I cannot reproduce this problem using either of the dynamic library from release 0.12.81 or compiling Typst tree sitter parser from source. I'm on Linux, using Emacs master branch.
Can you check you have latest typst-ts-mode
installed?
I suppose that's good that it means there's probably a version issue. I have the following out of Git for typst-ts-mode
Head: main feat: Typst v0.9.0
Merge: origin/main feat: Typst v0.9.0
Recent commits
39a9e63 main origin/main feat: Typst v0.9.0
bbac54c doc: update README
4c26bf9 doc: update README
86492f0 doc: update README
5ff1b21 fix(compilation + watch) error regexp error
004ec93 fix: `typst-ts-markup-header-scale` custom setting function error
9d1adbc feat: adopt update stream parser syntax change and add dynamic height for headers
439deb4 fix(preview): open non-english character file name
ea69e2f fix: don't indent content inside raw block
b16762c doc: README
The tree-sitter grammar bundle I have downloaded is 0.12.77 it appears. I'll update that and at least bring everything in-line. Perhaps there's been a more recent update to tree-sitter-typst
that I'm missing.
Took a little bit to find the language function, but after doing: (treesit-language-abi-version 'typst)
I get 13 (#o15, #xd, ?\C-m)
so I think I'm at version 13. I"m grabbing the version 0.12.81 and see if that improves things..
Okay, I have updated everything. The tree-sitter grammar is still at 13 and typst-ts-mode is as listed above at 0.9.0 with the last commit of 39a9e63. However I have discovered something new..
That code snippet placed into a NEW file properly parses! Whatever has happened, happened earlier to throw off the lexing. I am now in a process of copying over bits of the document and trying to figure out exactly where the first error appears. Will update as soon as I can.

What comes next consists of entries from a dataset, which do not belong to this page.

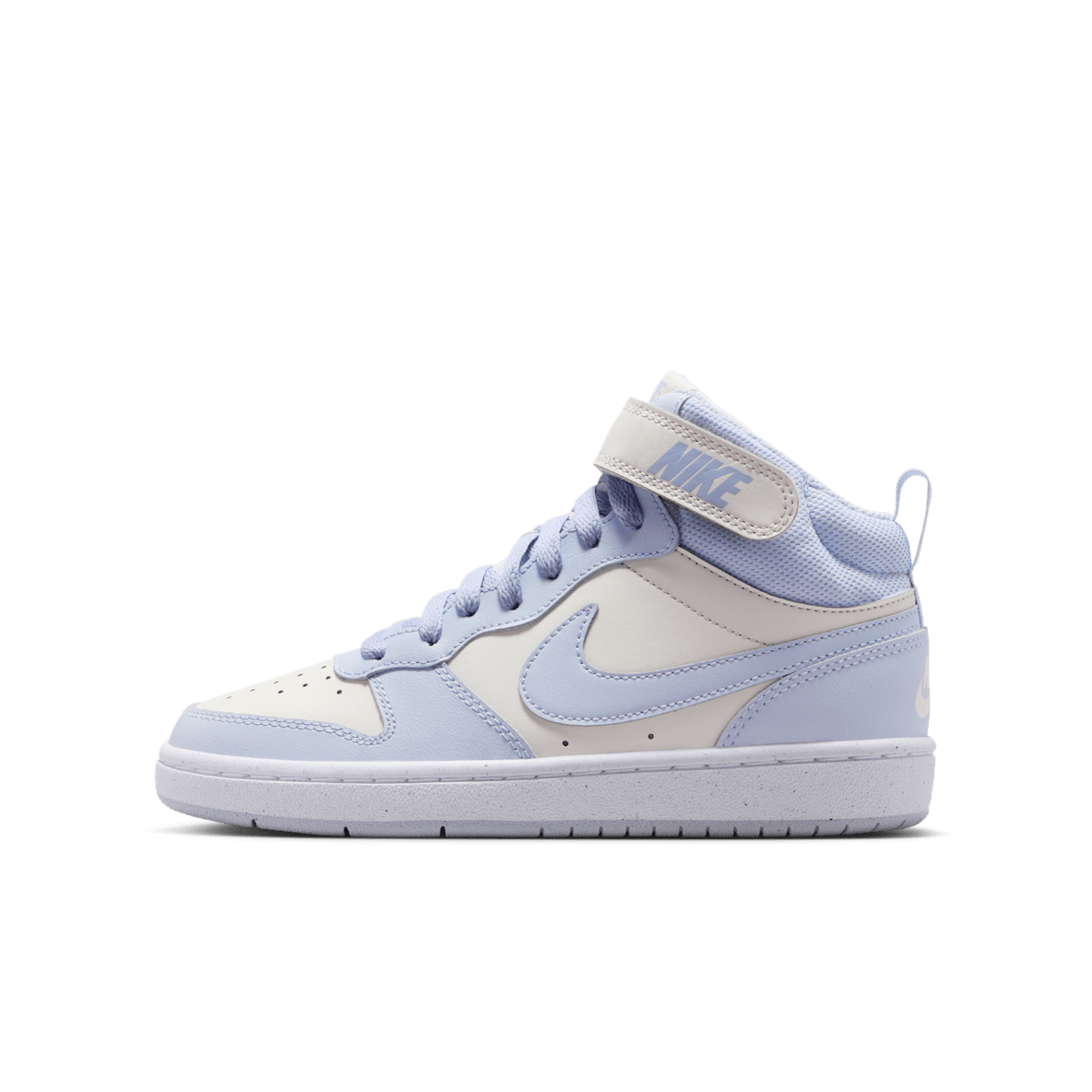 Nike Court Borough Mid 2 Nike Court Borough Mid 2 Tenis para niños grandes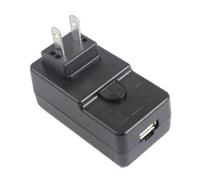 Zebra pwr-wua5v12w0gb cargador de dispositivo móvil pda negro corrien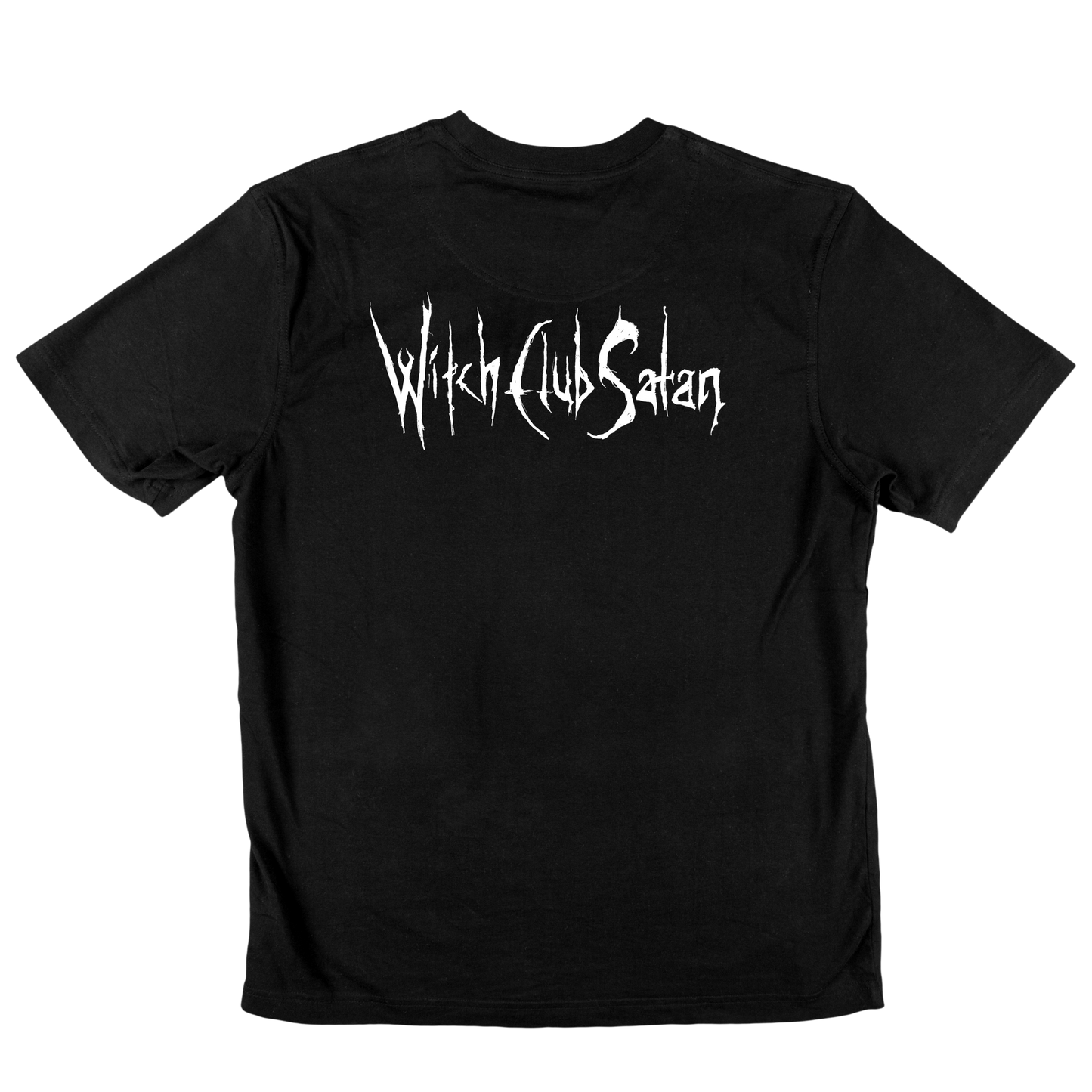 WCS Logo Tee 100 % Cotton
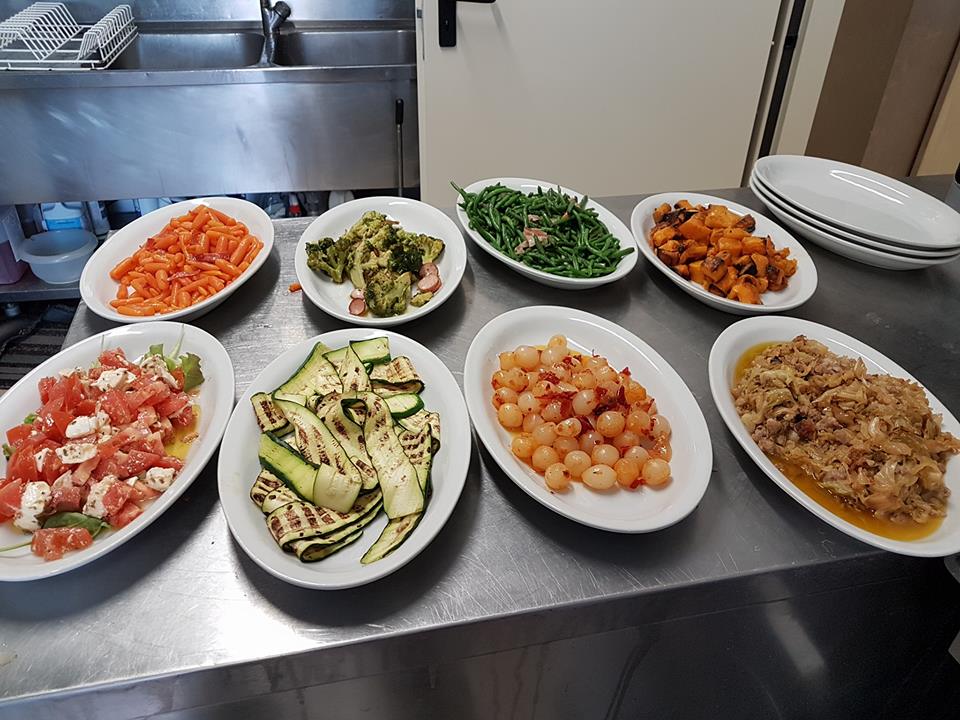 Pizzeria Ristorante Mare Blu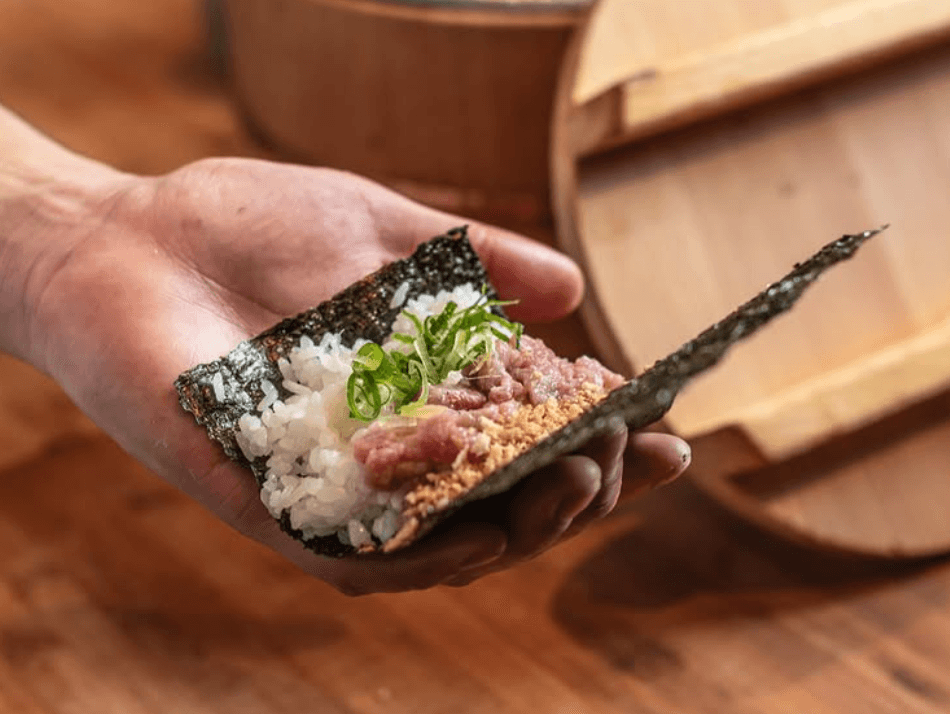 Akiro Dubai: Spain’s Famed Nikkei Hand Roll Bar Is Coming to the UAE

That was relatively quick. I have found the issue though I do not know what the formal rule is. So I had previously:
#set list ( blah, blah, blah) // One space between list and (
This is correct Typst grammar, at least according to Typst itself both the website app and the standalone build. HOWEVER, both the website app and the tree-sitter grammar do not lex if there is a space. It very much wants it to be:
#set list(blah, blah, blah) // No space between list and (
So, I have it fixed. However the language specification does appear to permit a space between a function name and the parameters. It might be wise for either Typst to decide this is illegal, or for grammars to show correctly if there is a space.
Note you can use treesit-explore-mode
to get the tree sitter structure tree, then you can select some text to know the current node of the selected text. Also, describe-face
would be useful to let you know what exactly the text at point is parsed into what face in Emacs
Yep using that on #set list(foobar)
shows
(set set
(call item: (builtin)
... lots more
And when a space is inserted and I explore the lexing for #set list (foobar)
explore says:
(ERROR
(field
(lots more
So very much the grammar requires no space between function and parenthesis.
It seems that it would be nicer to add a ERROR face to avoid this problem. I will add to it later (I'm the author of the typst-ts-mode
). Thanks for sharing this problem.
That'll certainly make it easier to spot where things went wrong! I should have tried putting in snippets into a different document earlier to try to narrow down the issue. And yes, I noticed. I actually initially tried to contact you via the Sourcehut discussion but that repository is VERY OPINIONATED about emails and after I get a bounce, I kind of backburner contacting and rarely get back to it. Being able to easily put in formatting and screenshots does help a lot.
Still I think the actual issue is that there's a mismatch between what the tree-sitter grammar thinks is correct, and what Typst thinks is correct. If compilation failed, that's a natural corrective error.